Back to all blogs
Cloud & DevOpsJune 28, 20269 min read

OpenTelemetry Distributed Tracing: How to Instrument Your Entire Stack and Eliminate Blind Spots in Production

Most engineering teams only discover production failures after users complain — OpenTelemetry distributed tracing changes that by giving you deep, correlated visibility across every service, database call, and API hop in your system.

L
Lucas Bennett
UI/UX Design Director
OpenTelemetry Distributed Tracing: How to Instrument Your Entire Stack and Eliminate Blind Spots in Production
TL;DR Quick Answer: OpenTelemetry distributed tracing lets you follow a single request as it travels through every microservice, database, queue, and third-party API in your system — generating a correlated trace with spans, attributes, and timing data. When implemented correctly, teams typically see a 60% reduction in Mean Time to Resolution (MTTR) and eliminate the "log archaeology" that burns engineering hours during incidents. This guide walks you through full-stack instrumentation from Node.js services to Python workers to your PostgreSQL layer.

If your team is still debugging production incidents by grepping through disconnected log files across five different services, you already know the pain. OpenTelemetry distributed tracing is the industry-standard answer to that problem — and in 2025, there is no credible excuse for running a microservices architecture without it. At Apargo, we instrument every production system we build with OpenTelemetry from day one, not as an afterthought. This article is the deep technical guide we wish existed when we started.

What Is OpenTelemetry Distributed Tracing and Why It Matters

OpenTelemetry (OTel) is a CNCF-graduated observability framework that provides vendor-neutral APIs, SDKs, and a collector for generating, collecting, and exporting telemetry data — traces, metrics, and logs — from your applications. The "distributed" in distributed tracing refers to the ability to correlate a single logical request across multiple independent processes and services using a shared Trace ID.
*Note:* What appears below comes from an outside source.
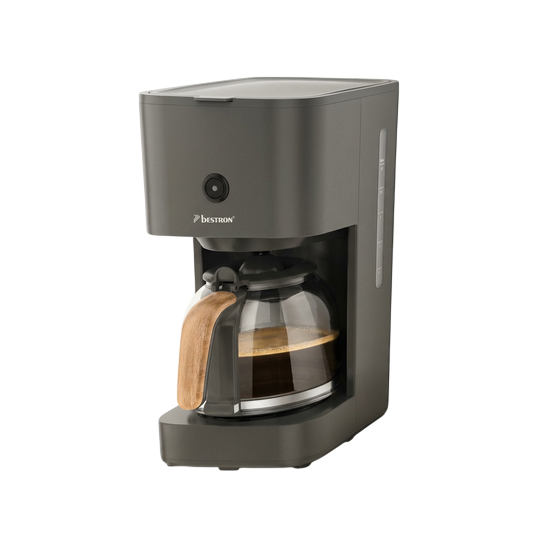 Bestron Filter Coffee Machine — 12-Cup Drip Coffee Maker with Glass Carafe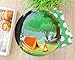 BLUE PANDA Disposable Plates - 80-Count Paper Plates, Camping Party Supplies for Appetizer, Lunch, Dinner, and Dessert, 9 Inches in Diameter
Without OpenTelemetry distributed tracing, your observability stack typically looks like this:

  • Service A logs a request ID that only exists in its own log stream
  • Service B has no idea which upstream call triggered its execution
  • Your database slow-query log has timestamps but no correlation to the user-facing request
  • A 1,200ms latency spike exists somewhere — but finding it takes 45 minutes of manual cross-referencing

With OpenTelemetry distributed tracing in place, that same investigation takes under 90 seconds. You open your tracing backend (Jaeger, Tempo, Honeycomb, Datadog), search by Trace ID, and see the entire waterfall: which service was slow, which database query took 800ms, and which downstream HTTP call timed out.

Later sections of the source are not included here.